Cuando estábamos en clase con Andrés, él nos recordaba todo el tiempo lo importante que era caminar las montañas, recorrer los caminos, acampar en los bosques y en los páramos, buscar las cumbres y escuchar los sonidos de la naturaleza. La sensasión era que la única forma válida pasaba por la vida del nómada cómo versión última de todas las cosas. Una suerte de budismo con botas, desligado de todo y de todos.
Con el tiempo y la vida (con mucha suerte, también), he podido descubrir que esa no debe ser la única versión, la única forma permitida de caminar por el mundo. Uno también puede recorrer las calles, los barrios, las tiendas, los restaurantes. Las plazas, los parques, las rondas de los ríos, los malecones. Los buses, los metros, los taxis, los trenes. La esquina anónima. La esquina que queda diagonal a la esquina famosa. La calle anónima que desemboca en el lugar famoso.
Y en todos esos lugares, las personas. No la masa, de la que seguimos huyendo el noventa y nueve por ciento de las veces; las personas, cada persona con la que nos cruzamos en medio de su propia vida, de su propio viaje. Cada historia, miles de historias. Y en ellas, nosotros reflejados.
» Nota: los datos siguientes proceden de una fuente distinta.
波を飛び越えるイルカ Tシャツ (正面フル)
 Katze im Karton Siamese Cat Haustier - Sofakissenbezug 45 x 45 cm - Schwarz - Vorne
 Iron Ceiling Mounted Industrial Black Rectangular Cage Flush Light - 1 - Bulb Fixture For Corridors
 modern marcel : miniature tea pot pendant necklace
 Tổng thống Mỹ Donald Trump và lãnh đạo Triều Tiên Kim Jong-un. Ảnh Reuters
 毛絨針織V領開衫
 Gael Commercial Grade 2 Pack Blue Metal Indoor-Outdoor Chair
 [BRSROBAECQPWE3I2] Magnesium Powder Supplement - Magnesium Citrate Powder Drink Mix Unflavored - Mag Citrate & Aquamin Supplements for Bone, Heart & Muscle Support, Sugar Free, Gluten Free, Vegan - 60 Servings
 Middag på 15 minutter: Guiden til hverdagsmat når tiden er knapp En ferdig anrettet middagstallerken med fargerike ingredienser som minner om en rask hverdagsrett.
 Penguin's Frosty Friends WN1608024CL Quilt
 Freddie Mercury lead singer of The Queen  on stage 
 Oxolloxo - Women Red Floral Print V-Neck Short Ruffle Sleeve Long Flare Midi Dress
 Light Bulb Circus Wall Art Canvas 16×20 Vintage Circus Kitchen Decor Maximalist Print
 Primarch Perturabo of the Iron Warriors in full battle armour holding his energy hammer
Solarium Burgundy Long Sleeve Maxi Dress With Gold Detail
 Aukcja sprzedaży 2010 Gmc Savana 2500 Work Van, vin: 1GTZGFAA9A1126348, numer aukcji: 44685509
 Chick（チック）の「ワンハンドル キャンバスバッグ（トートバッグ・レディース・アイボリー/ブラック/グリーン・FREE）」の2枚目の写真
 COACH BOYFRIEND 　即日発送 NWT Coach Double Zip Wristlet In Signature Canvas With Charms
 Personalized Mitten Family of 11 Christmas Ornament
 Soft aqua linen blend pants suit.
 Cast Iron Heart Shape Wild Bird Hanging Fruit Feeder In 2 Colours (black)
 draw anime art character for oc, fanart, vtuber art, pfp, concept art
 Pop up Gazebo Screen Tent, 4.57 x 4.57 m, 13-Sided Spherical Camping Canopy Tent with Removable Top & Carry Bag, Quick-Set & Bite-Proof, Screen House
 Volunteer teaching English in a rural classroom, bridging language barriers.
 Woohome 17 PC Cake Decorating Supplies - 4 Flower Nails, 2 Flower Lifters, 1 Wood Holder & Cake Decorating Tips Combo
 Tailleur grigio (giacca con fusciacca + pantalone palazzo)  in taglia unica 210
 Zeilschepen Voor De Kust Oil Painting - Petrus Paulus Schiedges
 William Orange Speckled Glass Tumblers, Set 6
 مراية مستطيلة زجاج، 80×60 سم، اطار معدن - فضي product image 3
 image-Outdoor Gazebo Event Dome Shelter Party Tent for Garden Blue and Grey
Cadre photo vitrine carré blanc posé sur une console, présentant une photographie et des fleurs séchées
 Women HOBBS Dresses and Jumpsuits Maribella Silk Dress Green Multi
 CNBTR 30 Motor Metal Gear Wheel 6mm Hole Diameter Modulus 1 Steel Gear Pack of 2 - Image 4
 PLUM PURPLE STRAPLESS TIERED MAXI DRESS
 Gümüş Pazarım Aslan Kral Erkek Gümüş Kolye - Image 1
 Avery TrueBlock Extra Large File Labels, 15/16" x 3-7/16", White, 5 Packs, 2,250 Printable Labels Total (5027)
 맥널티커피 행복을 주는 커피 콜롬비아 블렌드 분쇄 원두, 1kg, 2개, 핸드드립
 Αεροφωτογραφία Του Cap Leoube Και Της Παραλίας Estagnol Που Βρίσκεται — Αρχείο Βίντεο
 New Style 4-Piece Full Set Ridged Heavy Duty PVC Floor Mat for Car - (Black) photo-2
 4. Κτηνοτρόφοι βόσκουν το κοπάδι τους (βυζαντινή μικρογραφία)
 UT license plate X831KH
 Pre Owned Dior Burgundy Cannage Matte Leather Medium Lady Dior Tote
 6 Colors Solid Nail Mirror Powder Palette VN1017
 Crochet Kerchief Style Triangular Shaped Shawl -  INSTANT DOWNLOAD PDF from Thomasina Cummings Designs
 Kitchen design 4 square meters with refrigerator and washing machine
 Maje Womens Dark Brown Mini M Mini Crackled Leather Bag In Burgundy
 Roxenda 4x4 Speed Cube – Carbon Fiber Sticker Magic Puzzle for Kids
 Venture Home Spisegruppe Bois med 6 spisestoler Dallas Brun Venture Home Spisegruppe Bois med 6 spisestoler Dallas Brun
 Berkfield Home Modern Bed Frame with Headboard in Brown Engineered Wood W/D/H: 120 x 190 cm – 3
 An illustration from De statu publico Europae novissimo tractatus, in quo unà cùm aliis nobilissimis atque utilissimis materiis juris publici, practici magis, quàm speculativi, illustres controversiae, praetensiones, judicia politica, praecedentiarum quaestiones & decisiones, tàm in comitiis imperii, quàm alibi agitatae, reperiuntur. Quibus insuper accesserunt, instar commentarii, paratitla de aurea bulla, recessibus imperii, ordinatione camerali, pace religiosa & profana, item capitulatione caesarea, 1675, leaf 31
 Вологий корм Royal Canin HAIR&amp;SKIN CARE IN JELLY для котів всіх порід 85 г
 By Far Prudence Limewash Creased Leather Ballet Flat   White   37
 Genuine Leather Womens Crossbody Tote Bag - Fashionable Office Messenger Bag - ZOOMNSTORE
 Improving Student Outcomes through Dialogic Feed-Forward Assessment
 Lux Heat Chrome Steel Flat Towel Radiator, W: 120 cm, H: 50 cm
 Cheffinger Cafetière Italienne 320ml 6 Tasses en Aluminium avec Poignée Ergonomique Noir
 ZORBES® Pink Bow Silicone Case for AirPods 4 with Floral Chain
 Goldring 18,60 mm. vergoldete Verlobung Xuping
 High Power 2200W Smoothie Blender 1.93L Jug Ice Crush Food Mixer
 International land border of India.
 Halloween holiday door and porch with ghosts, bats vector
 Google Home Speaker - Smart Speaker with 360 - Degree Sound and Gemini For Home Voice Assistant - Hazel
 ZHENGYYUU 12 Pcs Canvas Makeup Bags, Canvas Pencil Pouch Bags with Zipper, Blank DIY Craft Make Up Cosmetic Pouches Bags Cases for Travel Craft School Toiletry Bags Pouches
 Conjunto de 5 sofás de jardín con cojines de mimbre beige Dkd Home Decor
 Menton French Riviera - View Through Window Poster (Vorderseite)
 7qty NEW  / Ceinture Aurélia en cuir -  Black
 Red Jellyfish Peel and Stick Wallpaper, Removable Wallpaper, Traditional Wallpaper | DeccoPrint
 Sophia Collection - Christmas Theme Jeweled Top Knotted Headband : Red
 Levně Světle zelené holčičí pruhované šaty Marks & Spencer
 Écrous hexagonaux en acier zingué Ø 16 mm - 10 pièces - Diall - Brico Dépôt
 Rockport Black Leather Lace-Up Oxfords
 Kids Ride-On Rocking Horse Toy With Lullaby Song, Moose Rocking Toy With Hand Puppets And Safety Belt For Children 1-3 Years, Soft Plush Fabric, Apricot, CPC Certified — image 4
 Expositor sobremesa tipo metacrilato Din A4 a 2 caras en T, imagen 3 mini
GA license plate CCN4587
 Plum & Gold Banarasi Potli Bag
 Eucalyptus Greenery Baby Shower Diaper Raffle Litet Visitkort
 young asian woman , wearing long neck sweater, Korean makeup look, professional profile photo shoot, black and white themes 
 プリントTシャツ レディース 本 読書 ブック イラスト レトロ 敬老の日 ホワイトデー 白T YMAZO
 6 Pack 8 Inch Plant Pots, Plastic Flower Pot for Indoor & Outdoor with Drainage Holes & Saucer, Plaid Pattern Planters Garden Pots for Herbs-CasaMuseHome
Es la infinita música de las cosas, pero reconociéndonos también como parte del mundo. Tiene el mismo mérito escuchar con atención el trajinar de la calle desconocida que el canto de los pájaros en el medio del bosque. En ambos somos ajenos al lugar y a sus habitantes, en ambos existimos (idealmente) desde un lugar humilde y silencioso donde nada nos pertenece y por ello mismo, no hay apego alguno. Es el taller que parlotea y canta de Baudelaire.
Mis piés, Andrés, también regresan siempre olorosos a caminos. Otros caminos, los que yo mismo encuentro al andar.